>>>
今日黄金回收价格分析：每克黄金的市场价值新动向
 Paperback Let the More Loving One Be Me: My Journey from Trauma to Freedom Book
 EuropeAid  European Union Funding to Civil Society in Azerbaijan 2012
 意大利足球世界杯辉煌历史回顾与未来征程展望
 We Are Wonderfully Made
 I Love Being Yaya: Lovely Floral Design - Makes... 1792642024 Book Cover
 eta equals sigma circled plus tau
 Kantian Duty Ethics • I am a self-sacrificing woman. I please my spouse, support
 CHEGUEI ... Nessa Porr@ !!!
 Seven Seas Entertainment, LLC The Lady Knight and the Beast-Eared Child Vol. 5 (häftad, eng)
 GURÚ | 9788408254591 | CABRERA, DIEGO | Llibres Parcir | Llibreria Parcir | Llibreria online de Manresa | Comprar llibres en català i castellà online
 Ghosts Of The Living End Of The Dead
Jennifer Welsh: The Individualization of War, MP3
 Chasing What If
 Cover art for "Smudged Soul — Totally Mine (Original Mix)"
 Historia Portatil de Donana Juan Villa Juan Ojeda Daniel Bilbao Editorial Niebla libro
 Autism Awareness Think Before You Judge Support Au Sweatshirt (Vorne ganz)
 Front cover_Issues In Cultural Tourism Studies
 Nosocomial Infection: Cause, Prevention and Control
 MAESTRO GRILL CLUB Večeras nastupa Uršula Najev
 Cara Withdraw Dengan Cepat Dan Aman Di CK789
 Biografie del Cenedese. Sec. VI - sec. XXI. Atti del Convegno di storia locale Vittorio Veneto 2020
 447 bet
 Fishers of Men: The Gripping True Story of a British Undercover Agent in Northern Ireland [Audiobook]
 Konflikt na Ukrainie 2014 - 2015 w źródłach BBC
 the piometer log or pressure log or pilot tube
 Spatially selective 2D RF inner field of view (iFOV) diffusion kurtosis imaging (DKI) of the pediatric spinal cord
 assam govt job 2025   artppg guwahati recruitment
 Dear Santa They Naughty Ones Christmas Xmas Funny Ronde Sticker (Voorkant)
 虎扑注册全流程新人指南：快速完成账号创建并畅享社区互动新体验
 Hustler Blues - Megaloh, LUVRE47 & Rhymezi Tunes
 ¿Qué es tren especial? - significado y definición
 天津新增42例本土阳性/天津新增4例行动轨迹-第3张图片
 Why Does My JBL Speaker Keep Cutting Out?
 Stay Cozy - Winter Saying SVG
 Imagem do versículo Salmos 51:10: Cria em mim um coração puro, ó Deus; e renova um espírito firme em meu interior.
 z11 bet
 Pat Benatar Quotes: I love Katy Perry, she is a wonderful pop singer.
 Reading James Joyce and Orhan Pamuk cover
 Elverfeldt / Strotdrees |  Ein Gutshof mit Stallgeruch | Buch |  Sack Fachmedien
<<<
• ACTIVITY: In the listing above, find the line holding "Why Does My JBL Speaker Keep Cutting Out?" and the line holding "Reading James Joyce and Orhan Pamuk cover", then output those two lines and every line between them exactly.

• SOLUTION TO THE EXERCISE:
 Why Does My JBL Speaker Keep Cutting Out?
 Stay Cozy - Winter Saying SVG
 Imagem do versículo Salmos 51:10: Cria em mim um coração puro, ó Deus; e renova um espírito firme em meu interior.
 z11 bet
 Pat Benatar Quotes: I love Katy Perry, she is a wonderful pop singer.
 Reading James Joyce and Orhan Pamuk cover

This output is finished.